[Editor’s Note – This column originally ran on the site on April 18, 2011.]
This week’s inductees into the “Overrated Hall of Fame” are … NHL playoff beards.
We’re not even a week into the NHL playoffs, but players already are sprouting the early stubble of playoff beards. This means we’ll soon start listening to wistful announcers wax stupid about how the playoff beard means tradition and how it hearkens back to an earlier time and how it’s a link to the game’s storied past and every other cliché these lunkheads must learn in an entry-level course at Cookie Cutter Announcer School.
But this “storied tradition” is not even 20 years old. I’ve been watching hockey since [geezer alert! geezer alert!] the 70’s. Bobby Orr never had a beard in April. The Broad Street bullies sported some ugly mustaches, but they wore those all year.
The Canadiens dynasty of the late 70s saw a couple of ’staches on Larry Robinson and Yvon Lambert, but otherwise I don’t think Scotty Bowman would have allowed a wisp of a flavor saver let alone a full grown beard.
The Islanders dynasty (pricks), as far as I can remember through my rage-colored glasses, didn’t lift that Cup every year (goddamn them) with hirsute faces. Ken Morrow had a beard but he always had a beard. Clark Gillies (douchebag) might have grown a playoff beard, but Mike Bossy (dickhead) never had one, nor did Denis Potvin (bastard). Not that I hated that team or anything.
The Oilers dynasty didn’t do the beard thing. Gretzky never had one, but that might be because they won their fourth Cup when he was about 16. Mark Messier would never have done something so clichéd. And Paul Coffey was just too pretty to ever want to mar that handsome face. Not that I loved that team or anything.
The early 90s Cup winners didn’t end the season with team-wide beardedness. Check out the team pictures from those years, the pictures the winning team always takes immediately after the clinching game, the ones where they all crowd around the Cup on the ice. Penguins … Canadiens … Rangers … no beards.
Perhaps it was in the middle part of that decade when teams started growing playoff beards en masse. I think those Devils and Red Wings winners had their fair share of beards. That would make the playoff beard, the “famous, traditional, storied, yeah yeah whatever” playoff beard, about 15 years old. In a sport with a 90 year history, that’s not exactly a long standing tradition.
Of course, hockey fans, who can be just a little passionate about the sport and their teams, have started to join in on the playoff beard thing.
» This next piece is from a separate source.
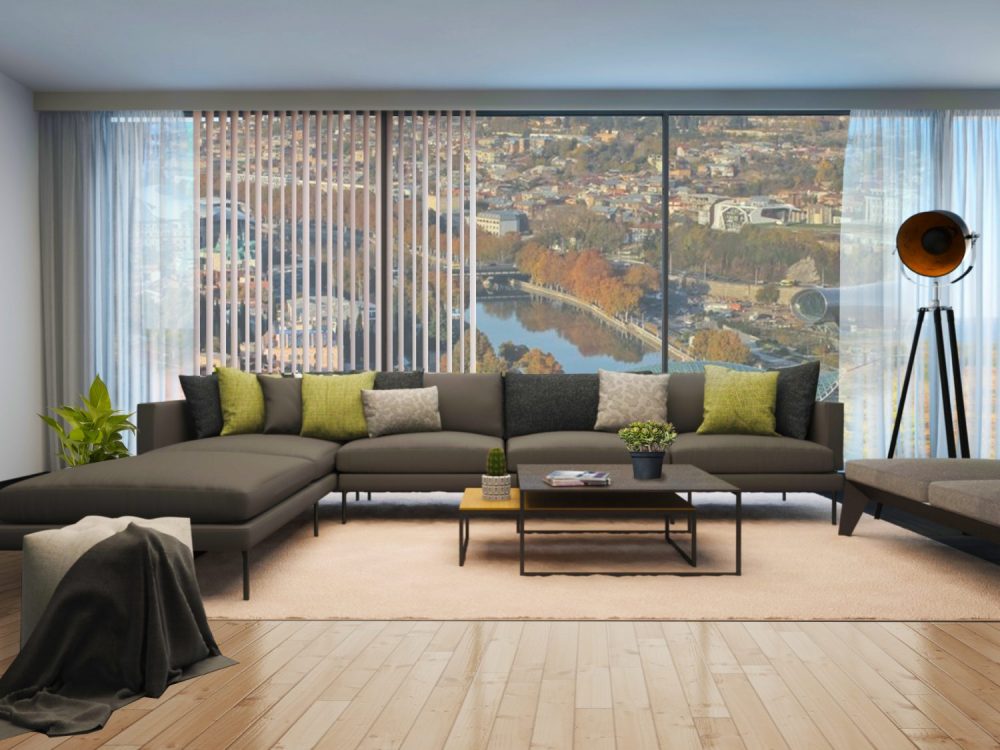 ინტერიერის დიზაინის ზემოქმედება ადამიანზე ინტერიერის დიზაინის ზემოქმედება ადამიანზე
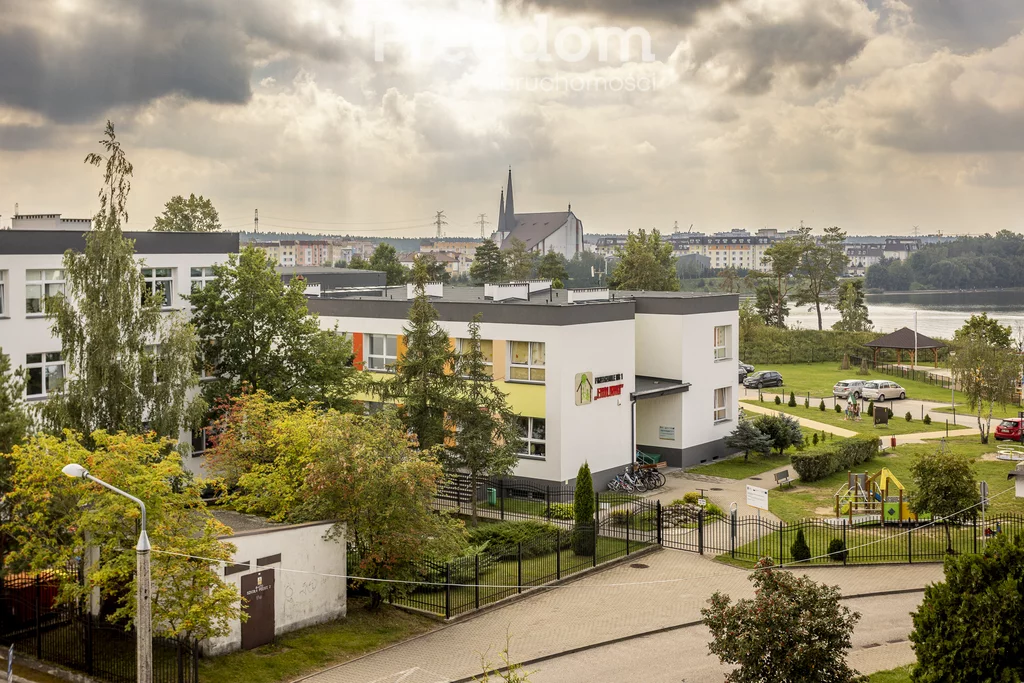 2 pokoje, mieszkanie 48,68 m², piętro 3, oferta nr , 7016/3685/OMW, Ełk, Jana Kilińskiego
I would love to rip this practice a new one, but because these fans do it for some sort of charity, they get a pass. They also get a pass because it allows pricks like me one more opportunity to tweak them once their team is eliminated.
I have a good friend who did the beard thing two years ago. My team beat his team in the second round of the playoffs in a series capped by a game seven blowout. It gave me great pleasure to send him the following text: “Three words: Shave that shit!” He was a good sport about it. He called me, in a few follow-up texts, “cocksucker,” “dickhead,” and – this one let me know I had really hit a nerve – “cuntbag.” Perhaps I should have waited a day or so to send my taunting text instead of hitting “send” about 18 seconds after the final buzzer.
So if you watch hockey, count the references to the playoff beards and listen to the phony, unthinking announcers talk about how they are part of the fabric of their great game. It’s not true. It’s all a bunch of Schick.
[And there it is! We have a winner! Yes, we now know the lamest pun and the weakest column-ending line in the history of the Ned Bitters column, and that’s saying something, because we’re talking 7+ years of hackdom. Hey, it could have been worse. I was going to try to crowbar in some reference to Penn and Gillette or perhaps go with the word Atra-cious.]